On the evening of Saturday 28 February 1976, the following people were in a living room in Leiden at 10.45 p.m.: four members of the Turkish family B., three other people of Turkish origin and two Dutch mechanics who had been tinkering with the cars belonging to the head of the household and to other persons present. Soon after, two other youths (aged 19 and 15) with a Turkish background dropped by. They were looking to get money from their father who happened to be one of the visitors at the B. family. After a short discussion, the boys were given some money. When they were about to leave, the oldest of the two youths drew a pistol which he used to shoot Memis Tank three times. Tank was one of the other visitors. The mechanics recounted later that the shooter came across as cold-blooded. He was totally unmoved, even when he shot the victim in the head at close range. The rumours soon started to fly, rumours that had actually being doing the rounds for some time among people of Turkish descent in Leiden, also among those who were known to the police. The victim had apparently raped the perpetrator’s sister. Shortly before, this woman had travelled to Turkey, as had her husband. The victim had also tried to murder this man twice before. Apparently, Tank had also had a relationship with Mrs B., the occupant of the premises where Tank had so violently met his end. Van Dijken and Nauta, who published an article on this case in 1978 in the erstwhile police magazine, Algemeen Politieblad, found that, ‘Despite the fact that the evidence, both technical [traces at the crime scene] and tactical [looking for punishable offences and suspects] did not constitute particular problems for the crime itself, there was much confusion about the motives that led to the crime’ (Van Dijken & Nauta, 1978, p. 228).

As far as regular police operations were concerned, it was not a difficult case to solve. Even though the witnesses of Turkish descent contradicted one another a few times, the mechanics had a front row view of the events and were able to give a clear report on what had actually unfolded on that fateful Saturday evening. That said, over the years explaining the motive in cases like this proved to be difficult for the cops.
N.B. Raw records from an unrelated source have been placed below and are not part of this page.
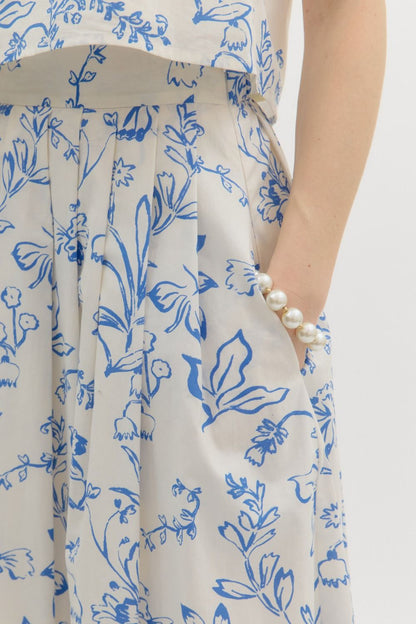  Brynn Floral Pleated Midi Skirt, Cream Blue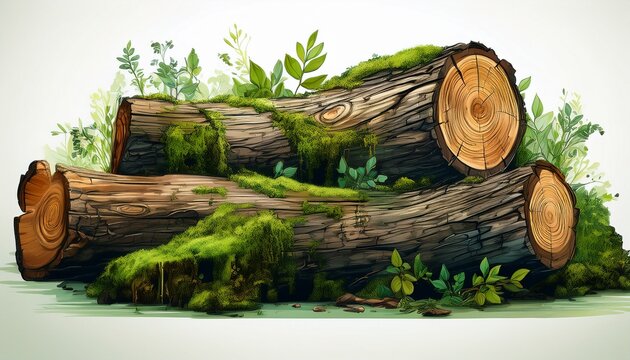 cut large tree logs or stump covered in green foliage and moss isolated on white background deforestation generative ai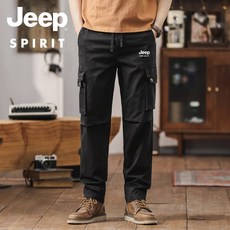 JEEP SPIRIT 남성 캐쥬얼 밴딩 카고 바지 밀리터리 스판 건빵 팬츠 JP6697 - 지프썸머셋업3종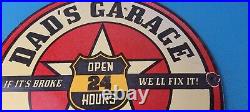 Vintage Dad's Garage Porcelain Mechanic Full Service Automobile Gas Station Sign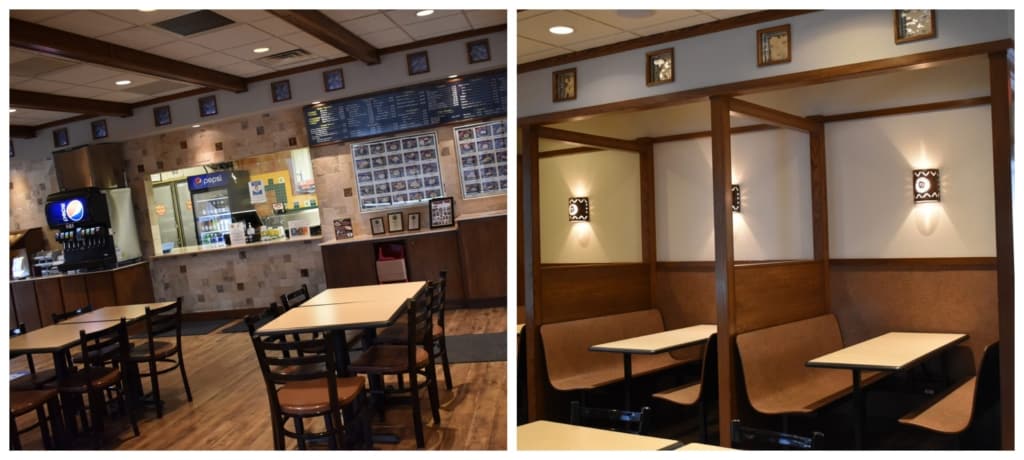 The interior of Taco Shop offers guests clean lines and comfortable seating.
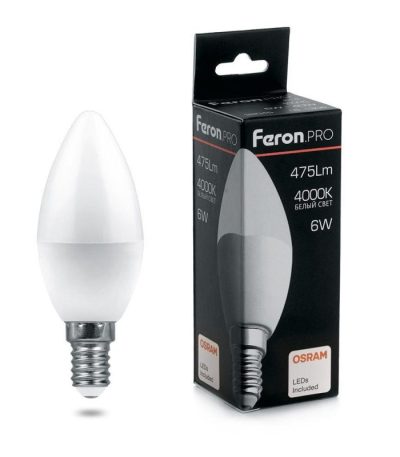 Лампа светодиодная Feron E14 6W 4000K свеча матовая LB-1306 38045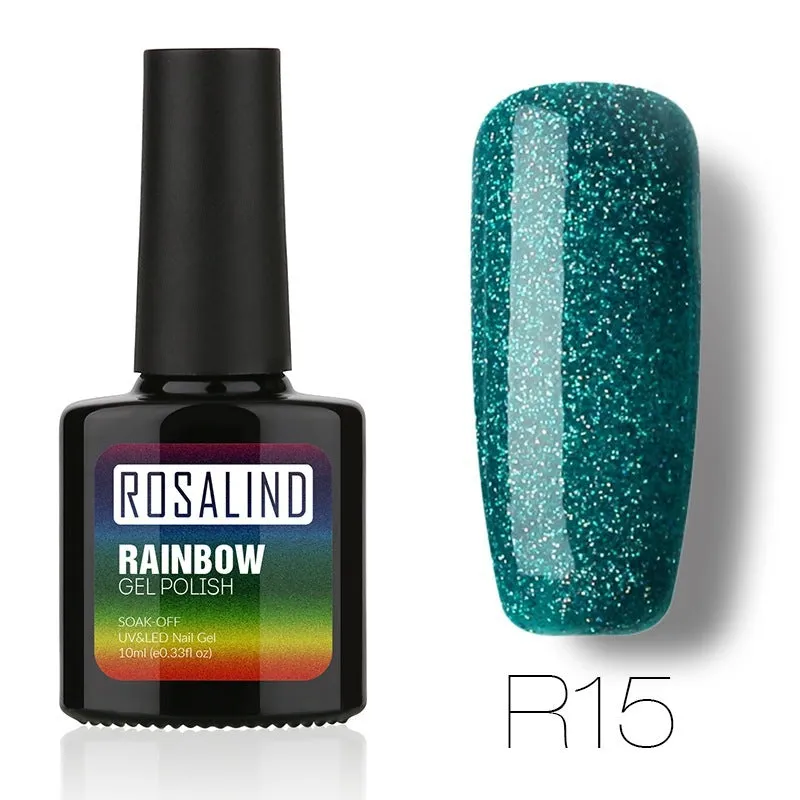 ROSALIND phototherapy gel nail polish RBR series 7.5ml bottle with colour swatches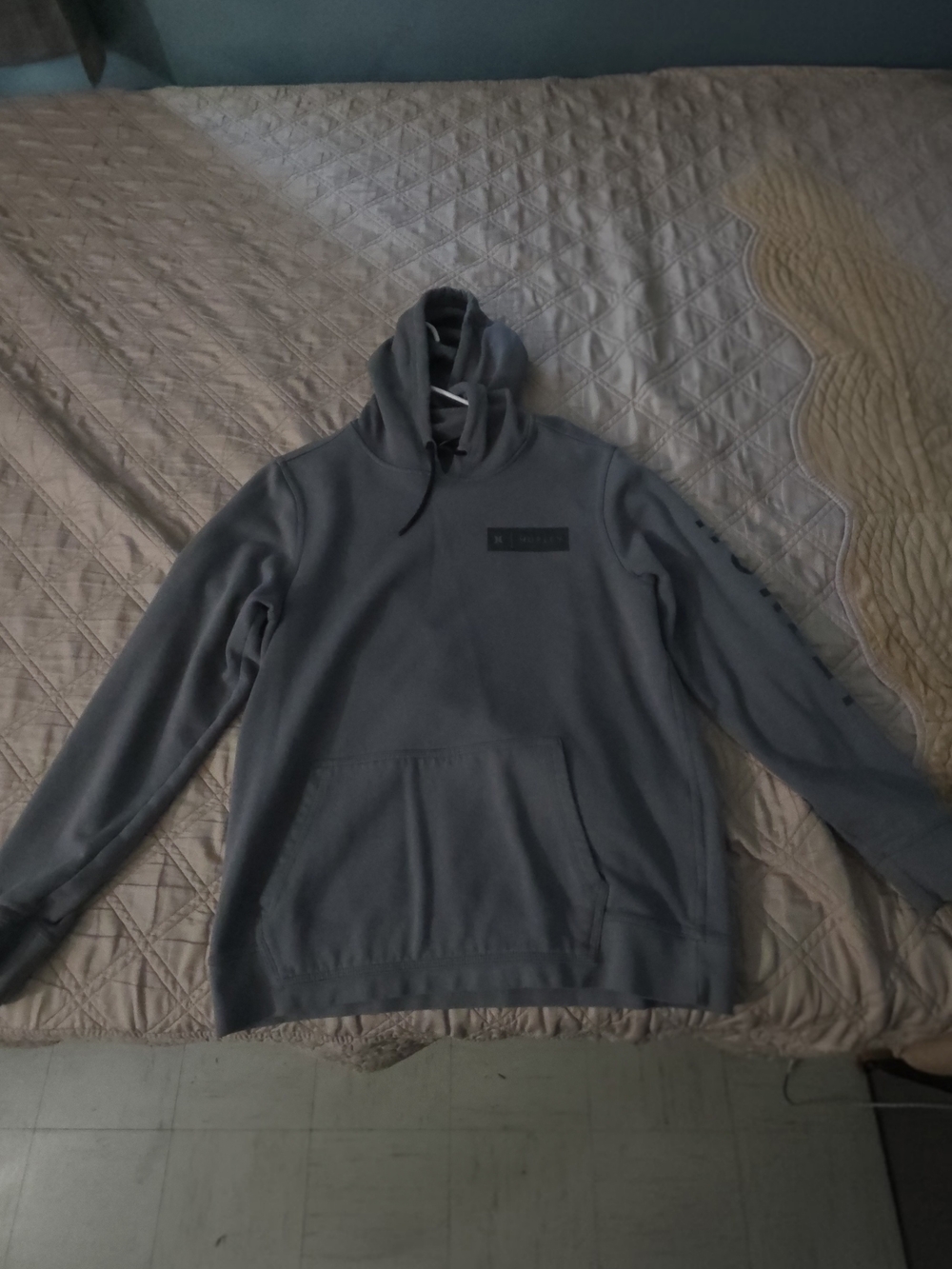 Hurley Gray Hooded Sweatshirt with Black Drawstrings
In this contribution (partly literally) based on the textbook written by the author that is used at the Police Academy in the Netherlands (Janssen, 2018), we will deal with the question what the Dutch police has learned about violence in the name of the family honour since the Tank case. In the first paragraph we will deal with the question what is violence in the name of the family honour? And what has the Dutch police done to deal with this particular form of violence? In the second paragraph is dealt with the question what tools the Dutch police has for dealing with this form of violence and helping vulnerable groups in society.